In the embodiment of the present invention, the exception decision unit 13 is specifically configured to decide, through an authority decision policy, an operation authority of a container to which the exception behavior belongs, so as to obtain a corresponding authority result; and judging the file type corresponding to the abnormal behavior through a file isolation judgment strategy to obtain a corresponding isolation result.
In the embodiment of the present invention, the exception decision unit 13 is specifically configured to, if the operation permission of the container to which the exception behavior belongs is the priority privilege, match the permission result for closing the priority privilege through a permission decision policy.
In the embodiment of the present invention, the exception decision unit 13 is specifically configured to, if the file type corresponding to the exception behavior includes a system kernel, determine, through a file isolation decision policy, whether the container is illegally mounted to a kernel folder; and if so, generating an isolation result for removing the mount and isolating the kernel folder.
In the embodiment of the invention, the decision result comprises an access stopping command, an authority result and an isolation result, wherein the authority result is a priority closing privilege, and the isolation result is a kernel folder which is removed from mounting and isolated; the exception handling unit 14 is specifically configured to, in response to the stop access command, stop the access request of the container; closing the priority privilege of the container in response to the permission result; and responding to the isolation result, relieving the mount between the container and the kernel folder, and isolating the kernel folder.
According to the scheme of the embodiment of the invention, anomaly detection is carried out on the behavior log of the acquired container; if the abnormal behavior is detected, generating a corresponding decision result according to the abnormal behavior through a set abnormal decision strategy; and exception processing is carried out on the container according to the decision result, exception analysis can be carried out from the behavior of the container, and the accuracy of safety protection is improved, so that the confidentiality, the integrity, the reliability and the usability of information are ensured.
The systems, devices, modules or units illustrated in the above embodiments may be implemented by a computer chip or an entity, or by a product with certain functions.
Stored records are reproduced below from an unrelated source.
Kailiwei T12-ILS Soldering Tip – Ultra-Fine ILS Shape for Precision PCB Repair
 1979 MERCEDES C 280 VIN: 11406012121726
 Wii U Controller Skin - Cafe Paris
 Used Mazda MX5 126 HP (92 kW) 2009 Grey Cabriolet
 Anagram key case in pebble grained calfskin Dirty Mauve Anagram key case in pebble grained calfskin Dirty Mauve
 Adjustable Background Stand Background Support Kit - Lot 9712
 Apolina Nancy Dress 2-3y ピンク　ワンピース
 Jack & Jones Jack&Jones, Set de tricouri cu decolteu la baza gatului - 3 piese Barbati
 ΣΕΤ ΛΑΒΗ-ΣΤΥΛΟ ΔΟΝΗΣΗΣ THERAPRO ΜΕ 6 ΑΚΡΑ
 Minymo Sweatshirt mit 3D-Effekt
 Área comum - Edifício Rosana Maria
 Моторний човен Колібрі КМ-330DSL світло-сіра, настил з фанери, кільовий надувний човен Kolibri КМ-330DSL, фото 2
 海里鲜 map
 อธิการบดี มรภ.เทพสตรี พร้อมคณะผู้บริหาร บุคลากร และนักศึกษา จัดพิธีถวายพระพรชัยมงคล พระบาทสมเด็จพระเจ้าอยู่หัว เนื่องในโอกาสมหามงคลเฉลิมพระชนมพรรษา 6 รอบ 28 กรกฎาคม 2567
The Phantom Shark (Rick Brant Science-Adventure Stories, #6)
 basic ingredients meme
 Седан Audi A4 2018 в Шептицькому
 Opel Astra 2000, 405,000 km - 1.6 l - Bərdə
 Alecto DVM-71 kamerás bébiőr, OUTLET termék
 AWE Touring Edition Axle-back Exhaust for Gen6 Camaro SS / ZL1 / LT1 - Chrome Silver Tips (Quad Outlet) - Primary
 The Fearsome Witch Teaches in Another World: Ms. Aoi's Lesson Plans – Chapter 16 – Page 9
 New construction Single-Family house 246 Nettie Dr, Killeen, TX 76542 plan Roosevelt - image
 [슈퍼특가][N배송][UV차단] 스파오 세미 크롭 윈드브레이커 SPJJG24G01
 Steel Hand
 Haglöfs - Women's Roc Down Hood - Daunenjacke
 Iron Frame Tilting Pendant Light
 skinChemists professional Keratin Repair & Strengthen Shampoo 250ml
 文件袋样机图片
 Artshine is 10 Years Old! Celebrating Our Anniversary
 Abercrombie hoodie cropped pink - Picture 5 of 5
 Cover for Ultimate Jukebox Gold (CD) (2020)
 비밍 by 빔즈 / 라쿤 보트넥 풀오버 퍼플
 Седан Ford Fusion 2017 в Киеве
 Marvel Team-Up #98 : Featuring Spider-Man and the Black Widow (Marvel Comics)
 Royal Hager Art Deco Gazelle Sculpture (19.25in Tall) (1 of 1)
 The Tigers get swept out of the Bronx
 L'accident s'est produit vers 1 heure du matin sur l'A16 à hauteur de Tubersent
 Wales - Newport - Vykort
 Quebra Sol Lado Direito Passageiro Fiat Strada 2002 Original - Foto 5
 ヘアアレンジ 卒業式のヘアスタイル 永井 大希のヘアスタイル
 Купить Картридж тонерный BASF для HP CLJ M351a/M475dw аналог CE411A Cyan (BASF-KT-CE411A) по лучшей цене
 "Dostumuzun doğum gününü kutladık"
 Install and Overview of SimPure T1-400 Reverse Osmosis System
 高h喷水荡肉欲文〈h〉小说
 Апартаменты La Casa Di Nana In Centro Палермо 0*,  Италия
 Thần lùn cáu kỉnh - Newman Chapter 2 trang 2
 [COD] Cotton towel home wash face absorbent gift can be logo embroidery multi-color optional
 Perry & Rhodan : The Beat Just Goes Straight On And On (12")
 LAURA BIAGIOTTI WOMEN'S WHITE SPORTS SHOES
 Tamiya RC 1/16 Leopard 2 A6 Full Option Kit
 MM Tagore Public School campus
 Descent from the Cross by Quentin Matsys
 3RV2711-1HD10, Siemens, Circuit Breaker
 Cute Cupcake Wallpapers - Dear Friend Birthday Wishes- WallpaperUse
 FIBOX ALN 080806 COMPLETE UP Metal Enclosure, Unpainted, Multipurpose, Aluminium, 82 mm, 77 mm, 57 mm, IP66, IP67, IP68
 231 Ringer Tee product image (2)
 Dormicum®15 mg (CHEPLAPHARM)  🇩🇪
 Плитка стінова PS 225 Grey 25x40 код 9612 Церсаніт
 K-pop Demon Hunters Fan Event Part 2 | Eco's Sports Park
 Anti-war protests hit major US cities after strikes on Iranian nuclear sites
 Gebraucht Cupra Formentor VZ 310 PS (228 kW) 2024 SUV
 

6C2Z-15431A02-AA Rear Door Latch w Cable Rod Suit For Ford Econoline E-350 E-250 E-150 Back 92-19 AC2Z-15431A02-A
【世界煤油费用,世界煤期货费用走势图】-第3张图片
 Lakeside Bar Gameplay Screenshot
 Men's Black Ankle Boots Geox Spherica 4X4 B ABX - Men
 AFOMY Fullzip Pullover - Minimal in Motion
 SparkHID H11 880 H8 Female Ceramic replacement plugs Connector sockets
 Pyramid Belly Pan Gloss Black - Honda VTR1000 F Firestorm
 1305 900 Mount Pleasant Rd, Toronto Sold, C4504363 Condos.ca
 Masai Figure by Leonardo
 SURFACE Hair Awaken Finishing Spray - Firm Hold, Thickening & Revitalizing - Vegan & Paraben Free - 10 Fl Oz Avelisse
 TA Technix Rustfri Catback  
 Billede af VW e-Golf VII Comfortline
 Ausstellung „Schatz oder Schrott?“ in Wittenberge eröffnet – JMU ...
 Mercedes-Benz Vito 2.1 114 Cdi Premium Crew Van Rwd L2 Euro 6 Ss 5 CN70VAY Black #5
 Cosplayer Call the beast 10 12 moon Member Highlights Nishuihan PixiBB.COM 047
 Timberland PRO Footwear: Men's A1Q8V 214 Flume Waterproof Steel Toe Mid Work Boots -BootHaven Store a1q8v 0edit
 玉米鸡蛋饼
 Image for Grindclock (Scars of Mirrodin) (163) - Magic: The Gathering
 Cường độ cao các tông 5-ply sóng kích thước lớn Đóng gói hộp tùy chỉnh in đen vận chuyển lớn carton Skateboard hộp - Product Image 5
A typical implementation device is a computer device, which may be, for example, a personal computer, a laptop computer, a cellular telephone, a camera phone, a smart phone, a personal digital assistant, a media player, a navigation device, an email device, a game console, a tablet computer, a wearable device, or a combination of any of these devices.
Example 5
Embodiments of the present invention provide a computer device, including a memory and a processor, where the memory is used to store information including program instructions, and the processor is used to control execution of the program instructions, and the program instructions are loaded and executed by the processor to implement the steps of the above embodiment of the container abnormal behavior processing method, and specific descriptions may refer to the above embodiment of the container abnormal behavior processing method.
Reference is now made to fig. 5, which illustrates a schematic block diagram of a computer device 600 suitable for use in implementing embodiments of the present application.
As shown in fig. 5, the computer apparatus 600 includes a Central Processing Unit (CPU)601 which can perform various appropriate works and processes according to a program stored in a Read Only Memory (ROM)602 or a program loaded from a storage section 608 into a Random Access Memory (RAM) 603. In the RAM603, various programs and data necessary for the operation of the computer apparatus 600 are also stored. The CPU601, ROM602, and RAM603 are connected to each other via a bus 604. An input/output (I/O) interface 605 is also connected to bus 604.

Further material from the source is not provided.